308.4 Group I·3. This occupancy shall include buildings and structures that are inhabited by more than five persons who are under restraint or security. An I-3 facility is occupied by persons who are generally incapable of self-preservation due to security measures not under the occupants' control. This group shall include, but not be limited to, the following:
    Correctional centers
    Detention centers
    Jails
    Prerelease centers
    Prisons
    Reformatories
Buildings of Group I-3 shall be classified as one of the occupancy conditions indicated in Sections 308.4.1 through 308.4.5 (see Section 408.1).
    308.4.1 Condition 1. This occupancy condition shall include buildings in which free movement is allowed from sleeping areas, and other spaces where access or occupancy is permitted, to the exterior via means of egress without restraint. A Condition 1 facility is permitted to be constructed as Group R.
    308.4.2 Condition 2. This occupancy condition shall include buildings in which free movement is allowed from sleeping areas and any other occupied smoke compartment to one or more other smoke compartments. Egress to the exterior is impeded by locked exits.
    308.4.3 Condition 3. This occupancy condition shall include buildings in which free movement is allowed within individual smoke compartments, such as within a residential unit comprised of individual sleeping units and group activity spaces, where egress is impeded by remote-controlled release of means of egress from such a smoke compartment to another smoke compartment.
    308.4.4 Condition 4. This occupancy condition shall include buildings in which free movement is restricted from an occupied space. Remote-controlled release is provided to permit movement from sleeping units, activity spaces and other occupied areas within the smoke compartment to other smoke compartments.
    308.4.5 Condition 5. This occupancy condition shall include buildings in which free movement is restricted from an occupied space. Staff-controlled manual release is provided to permit movement from sleeping units, activity spaces and other occupied areas within the smoke compartment to other smoke compartments.
308.5 Group I-4, day care facilities. This group shall include buildings and structures occupied by persons of any age who receive custodial care for less than 24 hours by individuals other than parents or guardians, relatives by blood, marriage or adoption, and in a place other than the home of the person cared for. A facility such as the above with six or fewer persons, or family child care homes (located in a private residence) as defined in Section 310.2, shall be classified as a Group R-3 or shall comply with the Residential Code in accordance with Section 101.2. Places of worship during religious functions are not included.
    308.5.1 Adult care facility. A facility that provides accommodations for less than 24 hours for more than five unrelated adults and provides supervision and personal care services shall be classified as Group I-4.
      Exception: A facility where occupants are capable of responding to an emergency situation without physical assistance from the staff shall be classified as Group R-3.
    308.5.2 Child care facility. A facility that provides supervision and personal care on less than a 24-hour basis for more than five children 2½ years of age or less shall be classified as Group I-4.
      Exception: A child day care facility that provides care for more than five but no more than 100 children 2½ years or less of age, where the rooms in which the children are cared for are located on a level of discharge serving such rooms and each of these child care rooms has an exit door directly to the exterior, shall be classified as Group E.

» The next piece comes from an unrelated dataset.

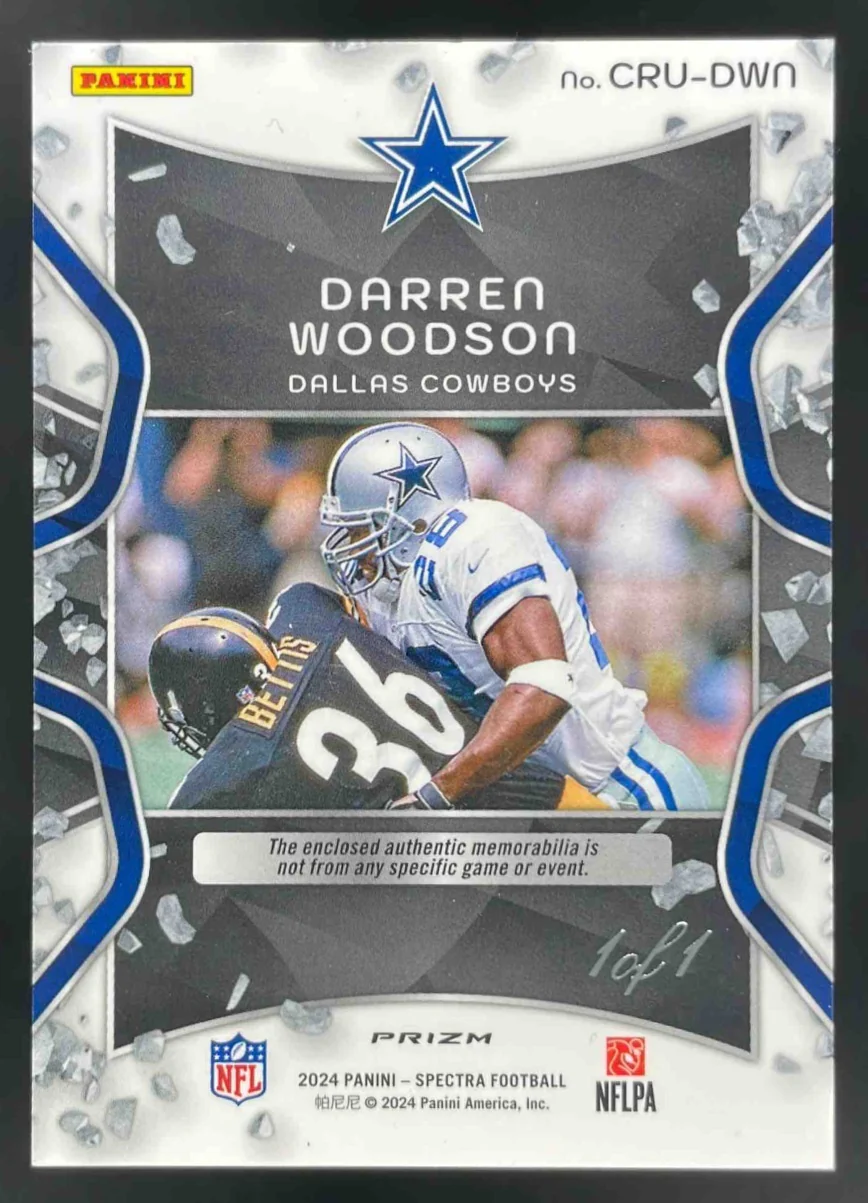 2024 Panini Spectra Crush Gold Vinyl #CRU-DWN Darren Woodson 1/1 - Image 2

SECTION 309 MERCANTILE GROUP M

309.1 Mercantile Group M. Mercantile Group M occupancy includes, among others, the use of a building or structure or a portion thereof, for the display and sale of merchandise and involves stocks of goods, wares or merchandise incidental to such purposes and accessible to the public. Mercantile occupancies shall include, but not be limited to, the following:
    Department stores
    Drug stores
    Markets
    Motor fuel-dispensing facilities
    Retail or wholesale stores
    Sales rooms
309.2 Quantity of hazardous materials. The aggregate quantity of nonflammable solid and nonflammable or noncombustible liquid hazardous materials stored or displayed in a single control area of a Group M occupancy shall not exceed the quantities in Table 414.2.5(1).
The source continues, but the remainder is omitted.